# DIRECTIONS FOR THIS TASK
Without copying any picture, transcribe exactly the lines of the data below from the one containing "4 PCS Car Door" through the one containing "Lilly Pulitzer Blue".

# DATASET
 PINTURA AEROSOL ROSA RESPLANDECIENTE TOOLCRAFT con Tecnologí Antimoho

* * *

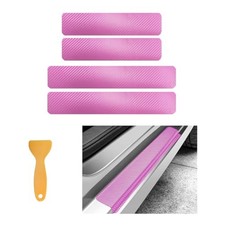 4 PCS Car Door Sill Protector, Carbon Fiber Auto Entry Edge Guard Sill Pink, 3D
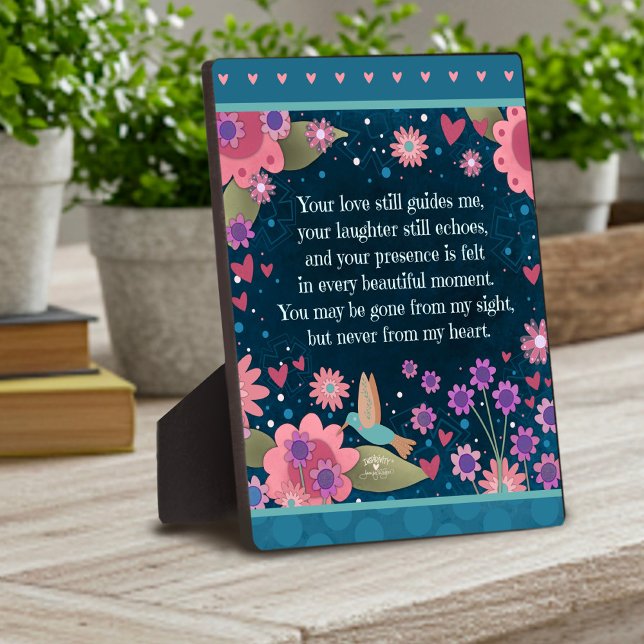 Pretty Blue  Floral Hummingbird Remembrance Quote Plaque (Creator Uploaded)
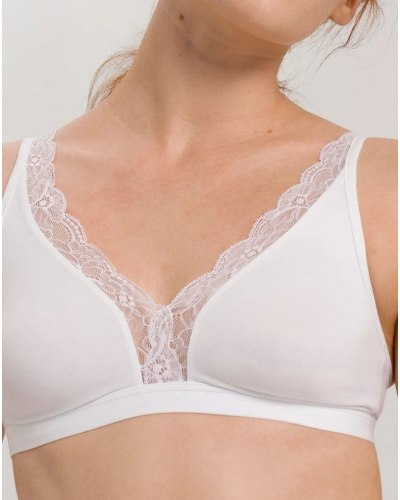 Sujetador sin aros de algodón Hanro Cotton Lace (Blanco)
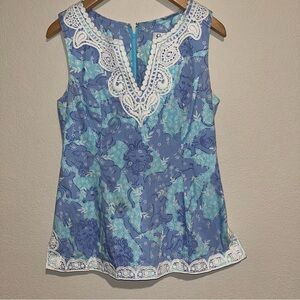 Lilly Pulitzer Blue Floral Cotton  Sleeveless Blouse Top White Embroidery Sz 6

# EXERCISE OUTPUT
 4 PCS Car Door Sill Protector, Carbon Fiber Auto Entry Edge Guard Sill Pink, 3D
 Pretty Blue  Floral Hummingbird Remembrance Quote Plaque (Creator Uploaded)
 Sujetador sin aros de algodón Hanro Cotton Lace (Blanco)
 Lilly Pulitzer Blue Floral Cotton  Sleeveless Blouse Top White Embroidery Sz 6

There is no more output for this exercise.